Wave of LNG tankers is devastating Europe

Due to cuts in natural gas supplies imposed in advance of winter and Russia’s conflict in Ukraine, the U.S. is exporting more LNG to Europe, but the European infrastructure is unable to handle the increased LNG exports, causing a backlog of LNG ships waiting to unload at ports.

According to recent data, sixty LNG tankers have been at anchor or travelling slowly through northwest Europe, the Mediterranean, and the Iberian Peninsula. The Suez Canal has one anchored there. Eight LNG ships from the United States are currently en route to the Huelva port in Spain.

“The wave of LNG tankers has overwhelmed the ability of the European regasification facilities to unload the cargoes in a timely manner,” said Andrew Lipow, president of Lipow Oil Associates.

Lipow claims that because of these delays, the tankers’ trip back to the US Gulf Coast to pick up the subsequent load is delayed, causing natural gas inventories to increase more than the market anticipated.

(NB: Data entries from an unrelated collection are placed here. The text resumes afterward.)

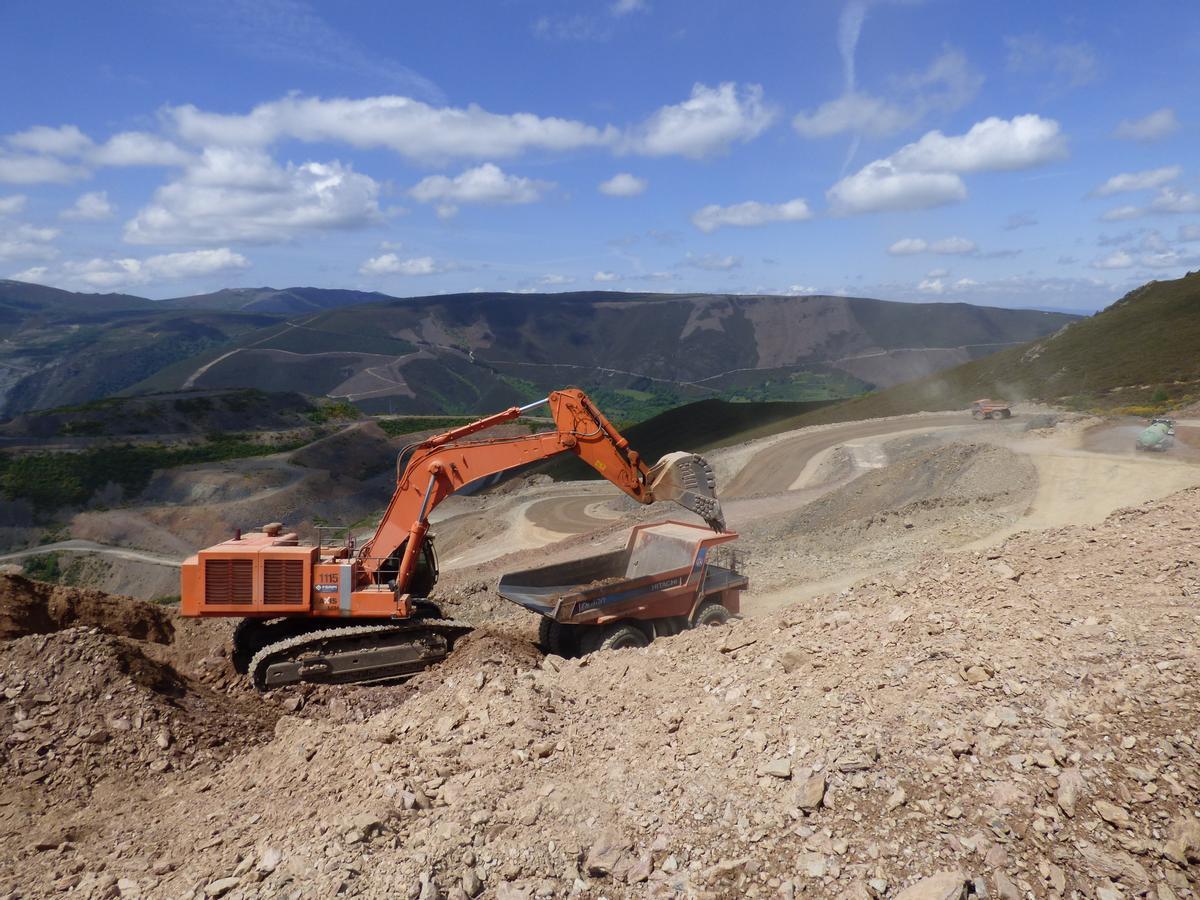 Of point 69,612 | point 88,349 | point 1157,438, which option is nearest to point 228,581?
point 69,612

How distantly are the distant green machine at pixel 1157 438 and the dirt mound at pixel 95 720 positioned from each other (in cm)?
2679

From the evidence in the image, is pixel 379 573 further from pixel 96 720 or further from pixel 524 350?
pixel 524 350

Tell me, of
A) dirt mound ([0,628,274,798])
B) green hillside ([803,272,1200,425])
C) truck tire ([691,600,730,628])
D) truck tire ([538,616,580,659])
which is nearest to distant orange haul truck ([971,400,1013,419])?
green hillside ([803,272,1200,425])

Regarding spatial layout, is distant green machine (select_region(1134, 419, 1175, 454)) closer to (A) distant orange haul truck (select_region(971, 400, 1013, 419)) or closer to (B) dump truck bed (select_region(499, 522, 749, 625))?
(A) distant orange haul truck (select_region(971, 400, 1013, 419))

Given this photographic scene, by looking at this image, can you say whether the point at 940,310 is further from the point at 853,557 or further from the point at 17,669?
the point at 17,669

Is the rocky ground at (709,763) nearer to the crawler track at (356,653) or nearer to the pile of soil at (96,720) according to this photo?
the pile of soil at (96,720)

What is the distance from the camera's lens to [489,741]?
6.97 metres

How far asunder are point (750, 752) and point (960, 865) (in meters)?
1.74

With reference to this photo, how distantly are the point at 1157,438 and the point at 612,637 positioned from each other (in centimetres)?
2256

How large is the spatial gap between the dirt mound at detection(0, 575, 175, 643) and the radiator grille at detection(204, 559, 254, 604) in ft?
7.67

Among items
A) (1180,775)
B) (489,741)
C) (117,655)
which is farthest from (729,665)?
(117,655)

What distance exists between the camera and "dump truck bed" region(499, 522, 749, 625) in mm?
10648

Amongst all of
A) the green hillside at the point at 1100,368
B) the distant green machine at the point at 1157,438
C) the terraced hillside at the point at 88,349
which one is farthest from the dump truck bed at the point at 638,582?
the terraced hillside at the point at 88,349

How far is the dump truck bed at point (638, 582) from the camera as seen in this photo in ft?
34.9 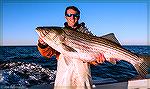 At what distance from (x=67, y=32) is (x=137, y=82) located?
111 inches

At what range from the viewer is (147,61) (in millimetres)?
3654

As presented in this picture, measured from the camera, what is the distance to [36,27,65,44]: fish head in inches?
129

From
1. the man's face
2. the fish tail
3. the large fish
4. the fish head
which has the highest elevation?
the man's face

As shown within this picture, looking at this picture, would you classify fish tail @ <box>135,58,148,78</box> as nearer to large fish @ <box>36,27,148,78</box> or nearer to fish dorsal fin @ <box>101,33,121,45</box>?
large fish @ <box>36,27,148,78</box>

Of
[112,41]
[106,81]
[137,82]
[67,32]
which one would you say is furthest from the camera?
[106,81]

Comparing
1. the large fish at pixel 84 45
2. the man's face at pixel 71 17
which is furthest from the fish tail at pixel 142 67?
the man's face at pixel 71 17

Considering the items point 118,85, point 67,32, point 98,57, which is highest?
point 67,32

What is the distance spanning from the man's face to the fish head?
16 centimetres

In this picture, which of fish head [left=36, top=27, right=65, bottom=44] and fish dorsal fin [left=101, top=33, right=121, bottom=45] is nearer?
fish head [left=36, top=27, right=65, bottom=44]

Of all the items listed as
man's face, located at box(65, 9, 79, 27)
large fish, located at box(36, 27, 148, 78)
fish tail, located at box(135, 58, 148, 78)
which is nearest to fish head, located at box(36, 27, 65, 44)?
large fish, located at box(36, 27, 148, 78)

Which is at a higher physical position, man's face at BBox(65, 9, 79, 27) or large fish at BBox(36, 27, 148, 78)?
man's face at BBox(65, 9, 79, 27)

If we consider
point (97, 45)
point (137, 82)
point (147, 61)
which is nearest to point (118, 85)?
point (137, 82)

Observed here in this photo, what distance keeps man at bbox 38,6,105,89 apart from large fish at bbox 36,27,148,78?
0.08 m

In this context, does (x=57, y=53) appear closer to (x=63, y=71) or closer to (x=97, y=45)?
(x=63, y=71) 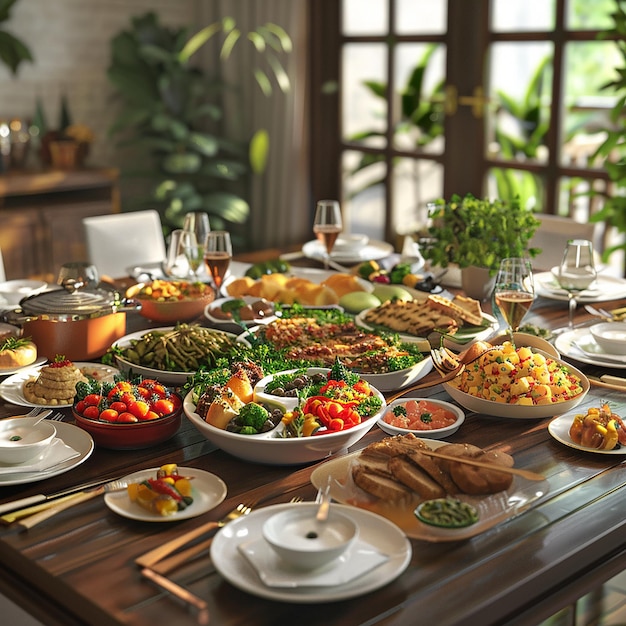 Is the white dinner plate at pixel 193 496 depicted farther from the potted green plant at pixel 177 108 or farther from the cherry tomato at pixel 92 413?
the potted green plant at pixel 177 108

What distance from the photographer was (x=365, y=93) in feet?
17.8

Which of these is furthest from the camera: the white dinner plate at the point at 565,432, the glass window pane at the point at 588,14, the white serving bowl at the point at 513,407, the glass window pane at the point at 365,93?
the glass window pane at the point at 365,93

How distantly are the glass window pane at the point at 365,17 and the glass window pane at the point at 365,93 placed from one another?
0.28ft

The lack of European regasification capacity resulting from a lack of plants and pipelines connecting nations with regasification facilities constitutes the underlying infrastructure problem. As a result, there is more floating storage—LNG—on the ocean, which lowers the price of natural gas.

“European gas storage continues to rise and now exceeds 93%,” said Jacques Rousseau, managing director, global oil and gas for ClearView Energy Partners LLC.

According to Rousseau, the growth in floating storage, which has resulted in vessels needed to carry capacity around the world being tethered for longer, has caused LNG tanker rates to roughly double on an annual basis.

Energy experts have noted that they are monitoring a price ceiling on EU LNG. Even if prices have decreased, the cap was addressed last Thursday. The price cap might drive traders away from the market, which would affect the supply that comes to Europe in the future, according to Rousseau.

Late in August, the price of a megawatt hour of gas in Europe had risen beyond 340 euros ($332.6), but last week it fell below $100 for the first time since Russia cut supplies. The cost had been as low as 30 euros prior to the war.

As a result of sanctions following its conflict with Ukraine, Russia, which supplies a significant amount of natural gas to Europe, reduced gas exports.